[Given entries]
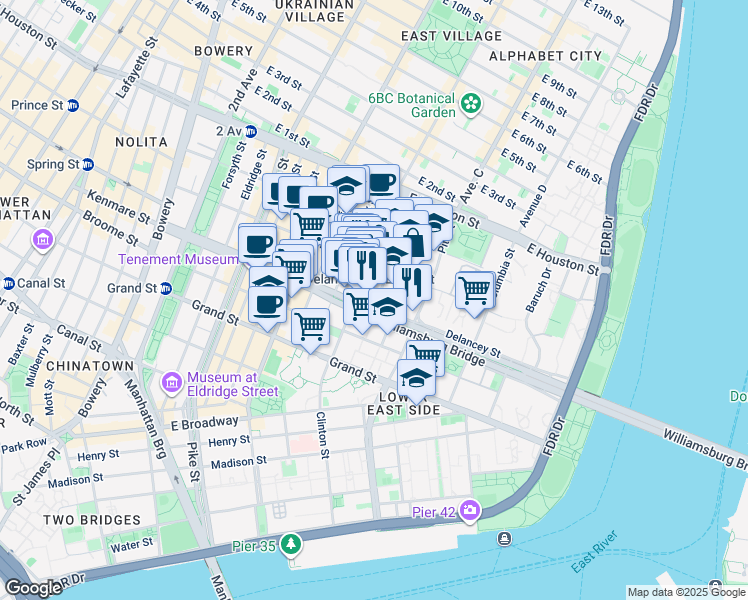 map of restaurants, bars, coffee shops, grocery stores, and more near 186 Delancey Street in New York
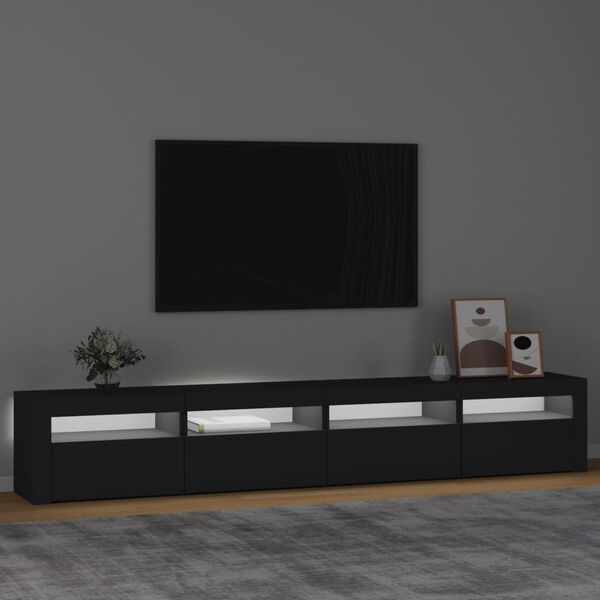 vidaXL Meuble TV avec lumières LED Noir 240x35x40 cm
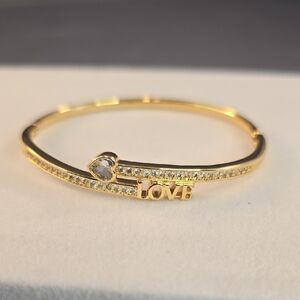 Gold Filled Love Bangle Bracelet with Crystal Accents 7.5"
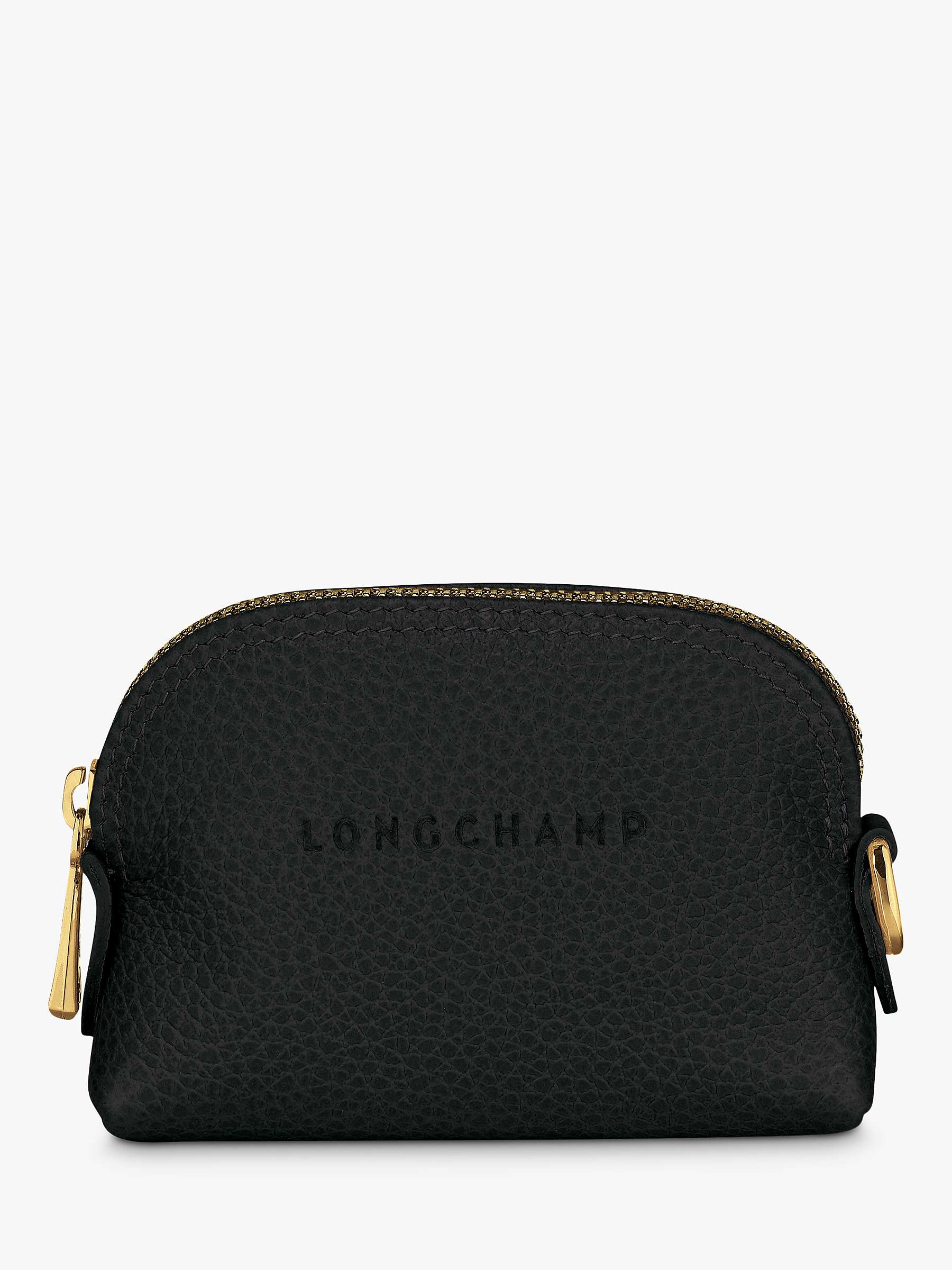 Longchamp Le Foulonné Leather Coin Purse, Black/Gold at John Lewis ...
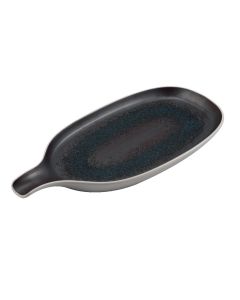 ESTIA Vassoio ovale con manico blu reattivo cm 31,5x15 h cm 3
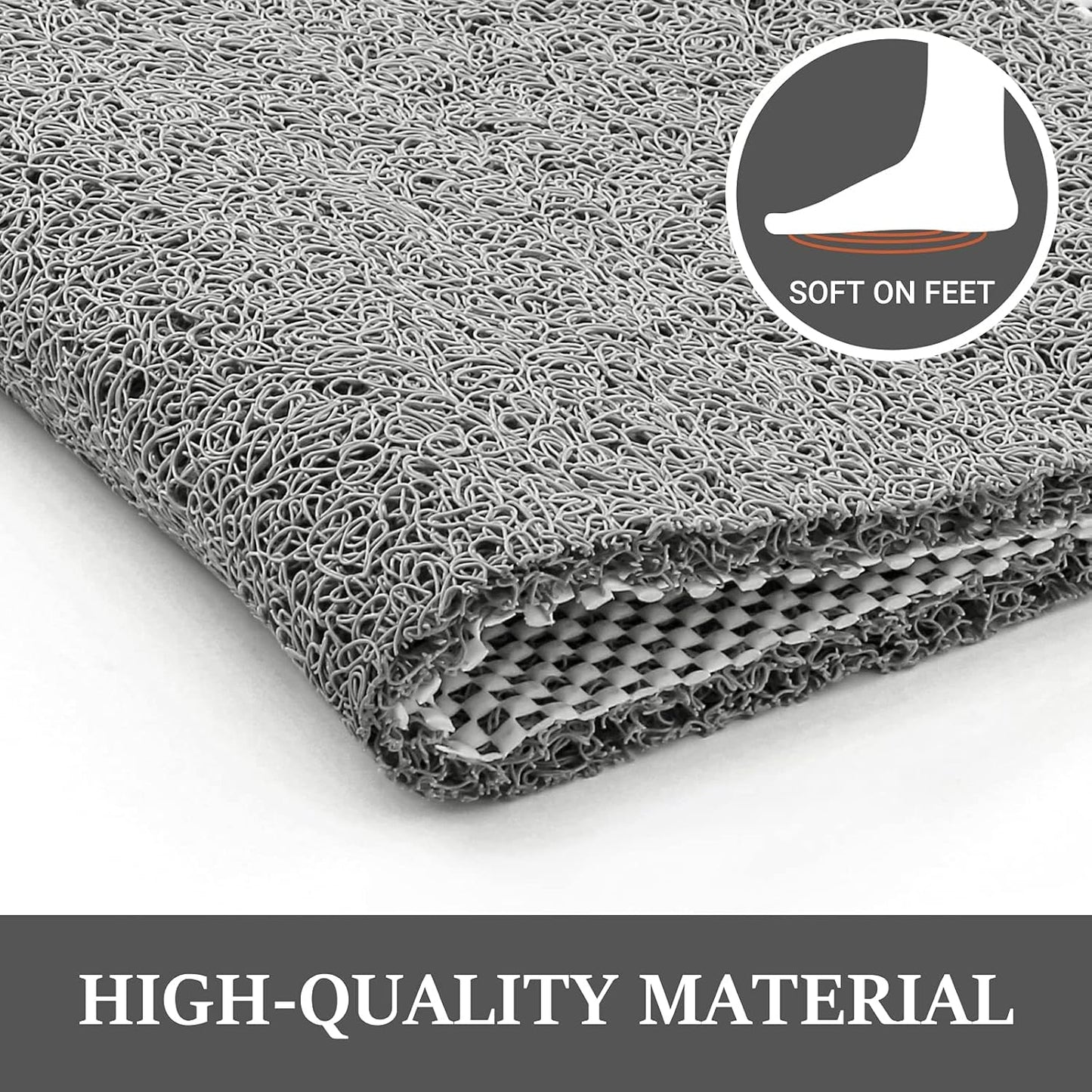 LuxStep Shower Mat Bathtub Mat,24x16 inch, Non-Slip Bath Mat with Drain, Quick Drying PVC Loofah Bathmat for Tub,Shower,Bathroom (Phthalate Free,Grey) | 24x16 inch PVC Loofah Bathmat for Tub,Shower,Bathroom (Phthalate Free,Grey)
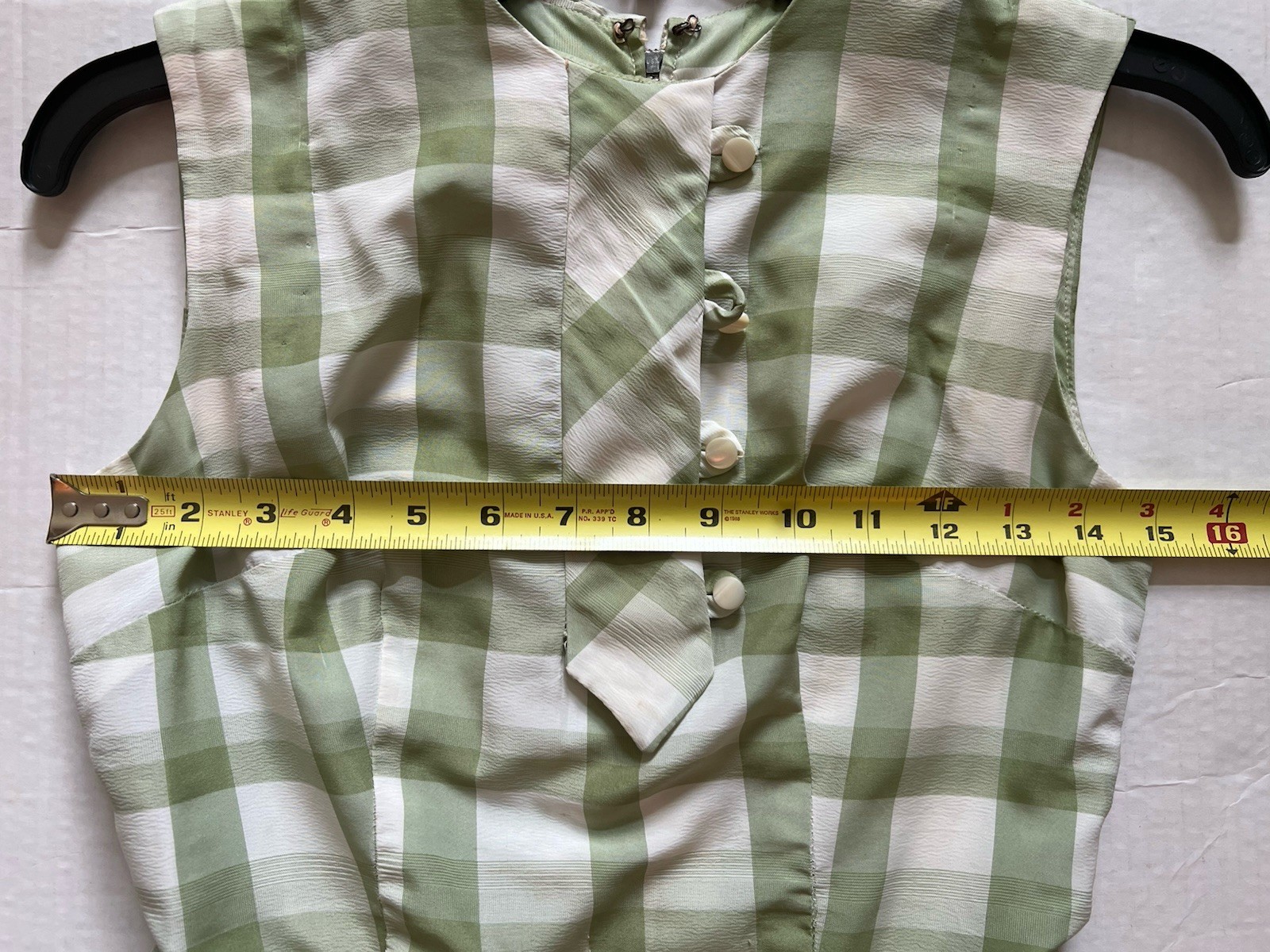 Vintage 1940-50’s Green Gingham Check Dress Zip Pleated No Sleeves XS Homemade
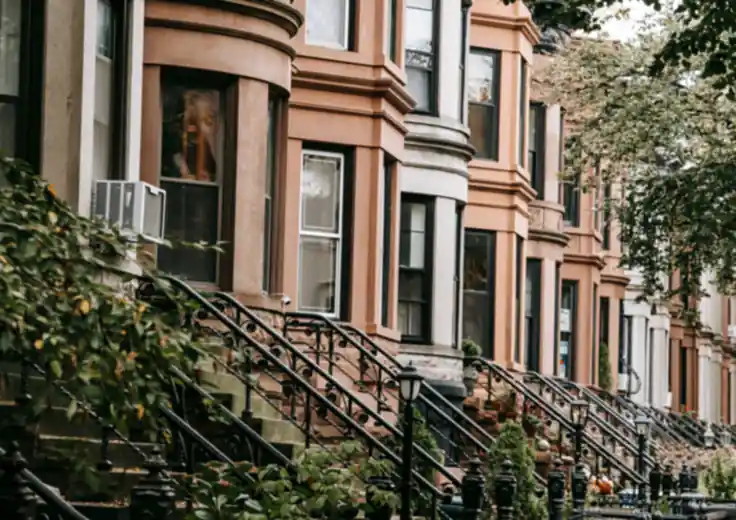 Brownstone rental properties in a residential neighborhood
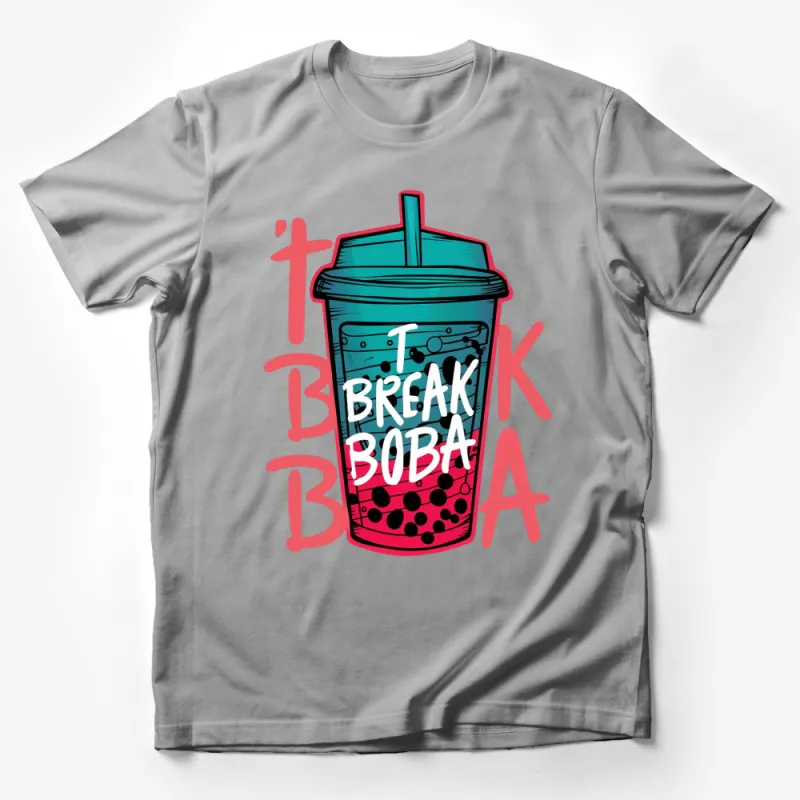 Colorful Boba Tea Graphic T-Shirt, Fun Bubble Tea Lover Gift, Unisex Adult Casual Wear Male T-Shirt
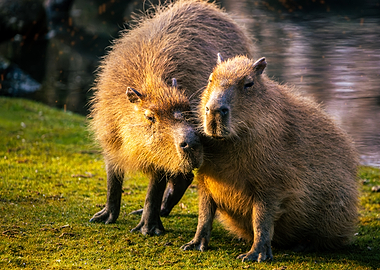Two Capybaras in Golden Sunlight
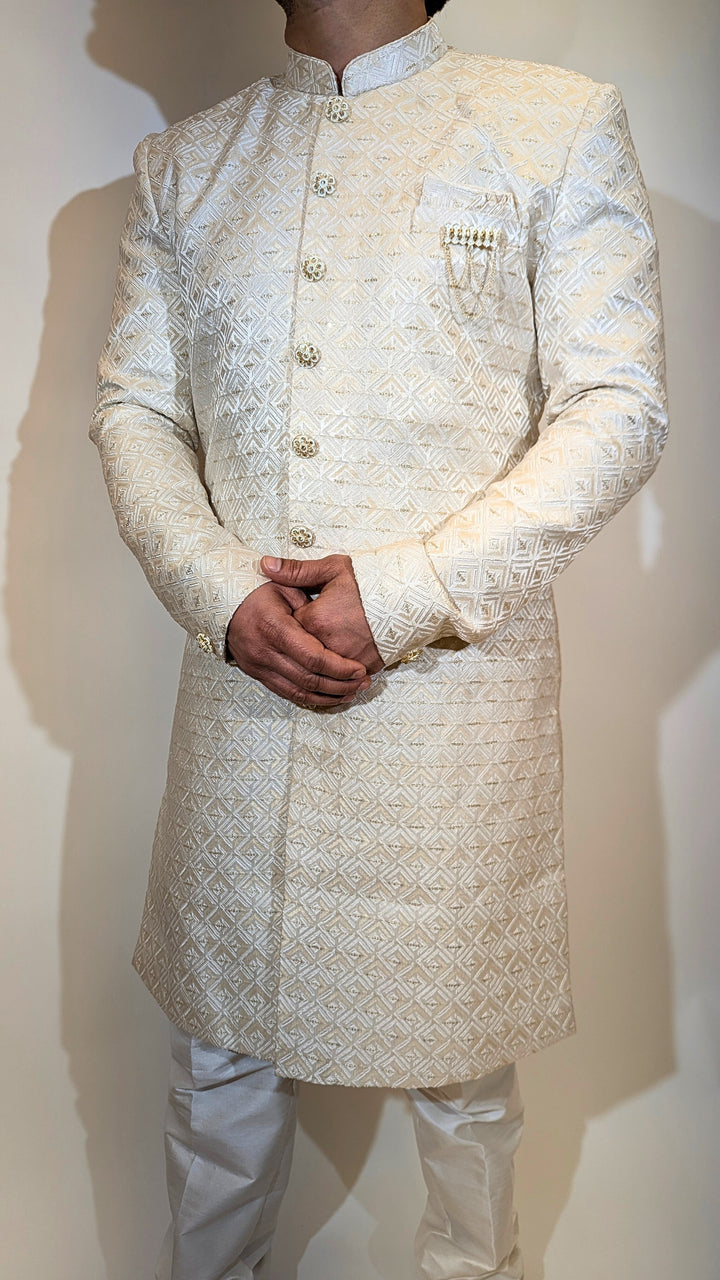 Cream Sherwani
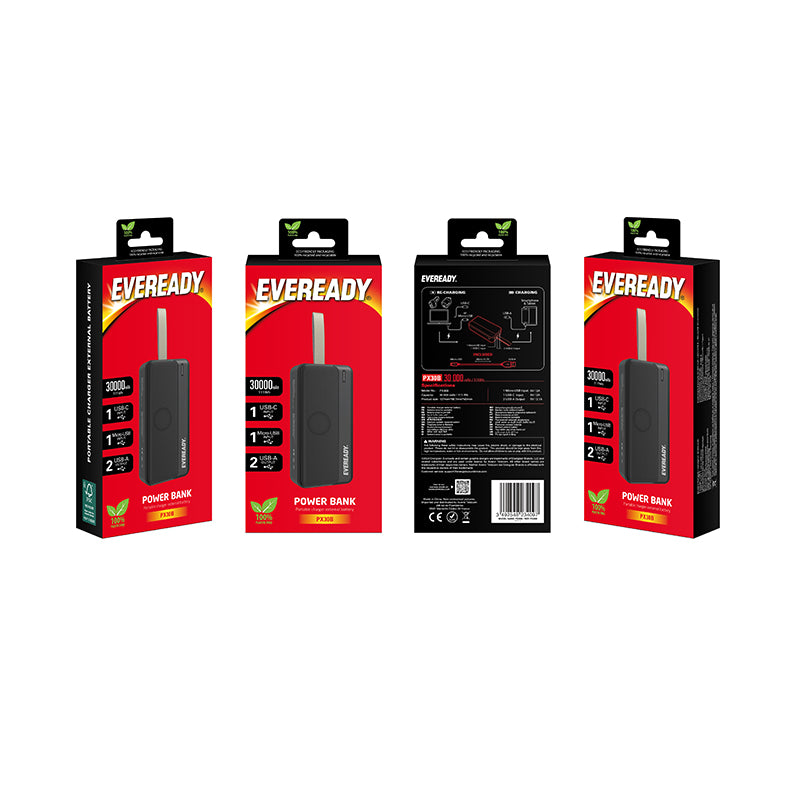 Eveready PX30B - Powerbank 30000 mAh 2x USB-A (Juoda)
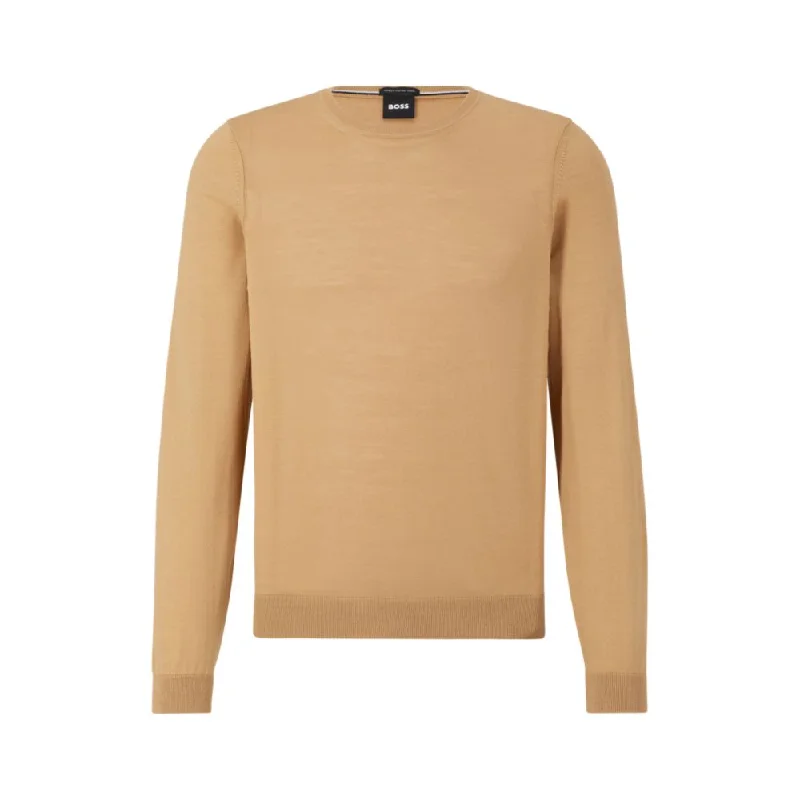 Comfortable Tops Slim-fit sweater in virgin wool with crew neckline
[/Given entries]
All of the lines above should be copied exactly, apart from the pictures.

 map of restaurants, bars, coffee shops, grocery stores, and more near 186 Delancey Street in New York
 vidaXL Meuble TV avec lumières LED Noir 240x35x40 cm
 Gold Filled Love Bangle Bracelet with Crystal Accents 7.5"
 Longchamp Le Foulonné Leather Coin Purse, Black/Gold at John Lewis ...
 ESTIA Vassoio ovale con manico blu reattivo cm 31,5x15 h cm 3
 LuxStep Shower Mat Bathtub Mat,24x16 inch, Non-Slip Bath Mat with Drain, Quick Drying PVC Loofah Bathmat for Tub,Shower,Bathroom (Phthalate Free,Grey) | 24x16 inch PVC Loofah Bathmat for Tub,Shower,Bathroom (Phthalate Free,Grey)
 Vintage 1940-50’s Green Gingham Check Dress Zip Pleated No Sleeves XS Homemade
 Brownstone rental properties in a residential neighborhood
 Colorful Boba Tea Graphic T-Shirt, Fun Bubble Tea Lover Gift, Unisex Adult Casual Wear Male T-Shirt
Two Capybaras in Golden Sunlight
 Cream Sherwani
 Eveready PX30B - Powerbank 30000 mAh 2x USB-A (Juoda)
 Comfortable Tops Slim-fit sweater in virgin wool with crew neckline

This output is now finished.